I particularly fond of the term medium theory as a description of one of my major research interests, though I'm often met by blank stares when I use it. Time and again, I'm told that "media studies" would be a much better term. To me, to say one does media studies is like saying one studies literature or rhetoric. True in and of itself, but not overly useful as a short label used to explain the type of research one is to do. I'm not particularly interested in studying film (as media), television, radio, newspapers, magazines, music, and the like, the things people mean when they say "the media." For the most part, my interest really does lie in the medium. I do study "the message" but that's when I wear either my literature or my rhet/comp hats, though, of course, I strongly believe that I'm rarely wearing one hat at a time.

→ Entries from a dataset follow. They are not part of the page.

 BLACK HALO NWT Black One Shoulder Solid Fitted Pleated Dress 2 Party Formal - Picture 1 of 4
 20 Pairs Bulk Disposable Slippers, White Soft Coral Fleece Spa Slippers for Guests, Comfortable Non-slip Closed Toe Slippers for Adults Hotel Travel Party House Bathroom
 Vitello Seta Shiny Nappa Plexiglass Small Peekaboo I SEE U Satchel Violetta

If I listed "literature" as my research interest, people would want to know more, and rightfully so. They want to know if I study French literature or English literature or Greek literature. And any hiring committee is going to want to know even more than that. They'll want to know that my dissertation is on Old English literature and that I have teaching and research interests in Old English, Middle English, and Old Norse literature, in science fiction and fantasy, and in 18th - 20th century medievalism. They're also likely to know that while I do "do" theory, I'm what Rob Pope calls a new eclecticist: I approach literature not from a theoretical perspective but use whatever theories seem most useful to whatever it is I'm trying to do, and that I'm just as likely to apply orality/literacy studies and medium theory, social memory, rhetorical criticism, and cognitive studies/cognitive poetics than I am to use "traditional" theoretical approaches. My dissertation, which explores Old English literature as the social memory of an oral-chirographic transitional culture draws from all of those, and from psychoanalytic criticism (trauma theory specifically), new historicism, postcolonialism as well.

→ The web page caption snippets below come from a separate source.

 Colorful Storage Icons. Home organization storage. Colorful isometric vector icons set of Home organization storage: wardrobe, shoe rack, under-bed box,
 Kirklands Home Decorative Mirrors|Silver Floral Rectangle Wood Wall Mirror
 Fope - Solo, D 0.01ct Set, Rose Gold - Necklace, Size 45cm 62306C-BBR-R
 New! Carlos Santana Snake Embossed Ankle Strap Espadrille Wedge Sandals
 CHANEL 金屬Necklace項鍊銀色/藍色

And if I were to list "rhet/comp," "rhetoric," or even "composition studies" on a CV, anyone who doesn't know me is likely to feely slightly duped. Yes I do all three, but my particular focuses are in medieval rhetoric, rhetorical memory, oral/chirographic/print/digital culture, and computers and writing. I'm not interested in writing program administration or assessment or basic writing, etc. I'll read about these topics and I believe I should (and do) know something about them, but at this time I'm not interested in developing a research agenda around them or in teaching courses on these topics. I am quite interested in composition pedagogy, but that is, again, kind of like saying I'm interested in "medieval English literature" but I have no real desire to do serious work on John Gower or Middle English drama or a whole host of other topics which fall under that rubric. Sure I know something about most of them and I'll teach them, and I may even do research on them if my interests lead me in those directions, but my qualifications as a medieval english literature scholar no more means I'm prepared to do serious work with Middle English drama than my qualfiications as compositionist means I'm prepared to do serious work with assessment or writing program administration.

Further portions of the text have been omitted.